The proposed Center of Spine Surgery would be located at ChristianaCare’s Wilmington Campus and would require minor renovations of an existing building, according to the notice. It would include six operating rooms and have capacity for same-day and short-stay surgeries.

This facility would be jointly owned and operated by both ChristianaCare and Delaware Neurosurgical Group, a medical practice that specializes in degenerative, oncologic and traumatic conditions of the brain, spine and spinal cord. The practice has offices in Newark, Wilmington, Dover and Rehoboth Beach and eight physicians poised to serve the Delaware region.

Both parties are currently negotiating an operating and management agreement for the facility.

The Center of Spine Surgery, if it does pass all regulatory hurdles, would be the latest venture to target Delaware’s aging population. Delaware is the seventh oldest state, and the Delaware Population Consortium projects that there will be 35% more Delawareans age 65 or older by 2025.

Health care spending for a 64-year-old costs nearly 44% more than a 54-year-old and 115% more than someone between the ages 26 and 44, according to the Delaware Healthcare Association.
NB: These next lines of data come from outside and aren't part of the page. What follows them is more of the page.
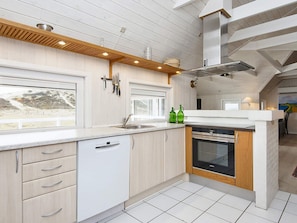 Private kitchen - Holiday Home in FanÃ¸ (Fano)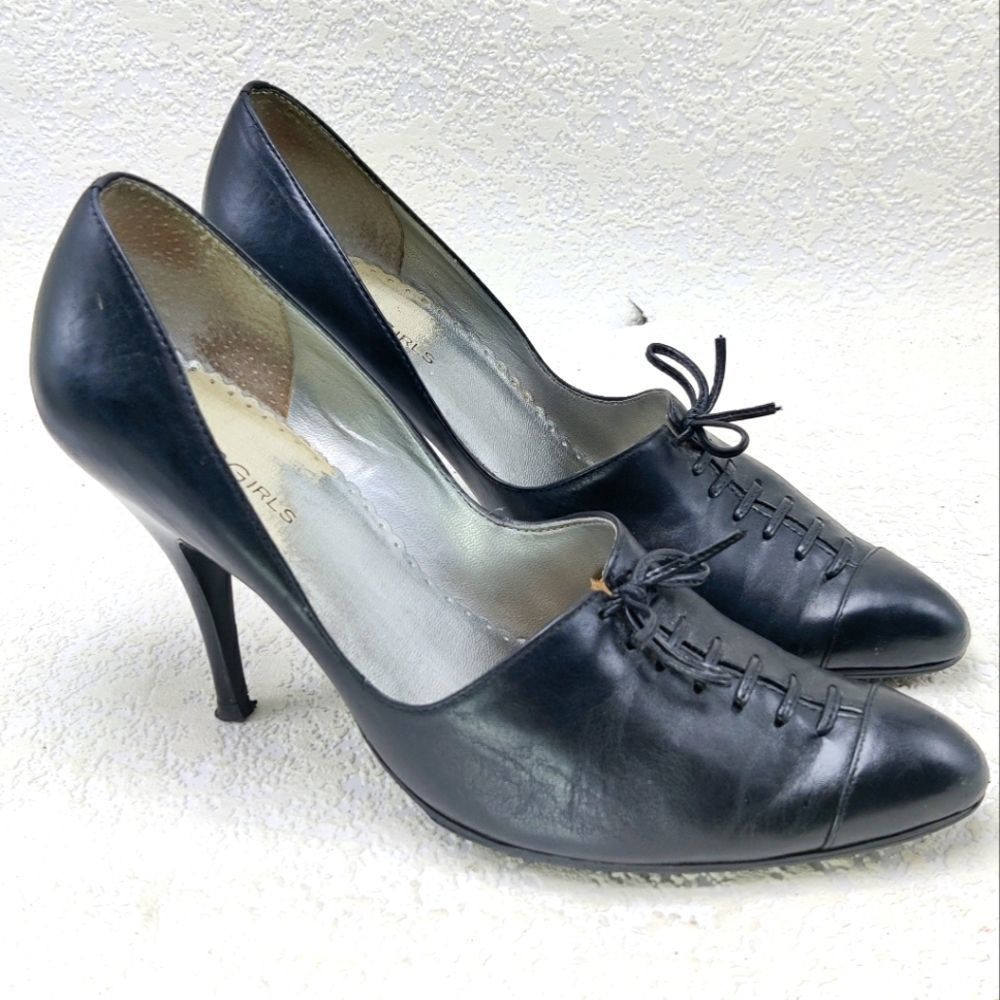 Super cool unique pumps with Leather lacing on vamp BCBGirls Max Azria Sz 37.5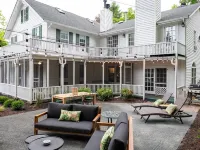 Park House Inn Hotels in Saugatuck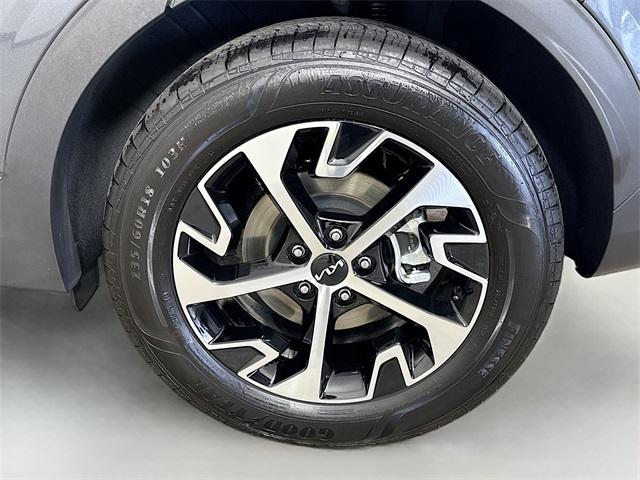 2025 Kia Sportage Hybrid Vehicle Photo in Everett, WA 98204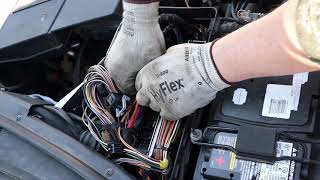 How to remove the ECU from a SLK r170 or Crossfire r193 [upl. by Elbring]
DEHA President and CEO Wayne Smith declined to comment specifically about the proposal, but noted that in a rapidly changing environment, hospitals and health care providers are constantly exploring innovative ways to serve patients.

“Hospitals are constantly assessing health care needs in terms of the population, demographics and procedures. In a highly advanced health care world in which we inhabit, partnerships help form new service lines as well as offerings that best serve the need for Delawareans,” Smith said.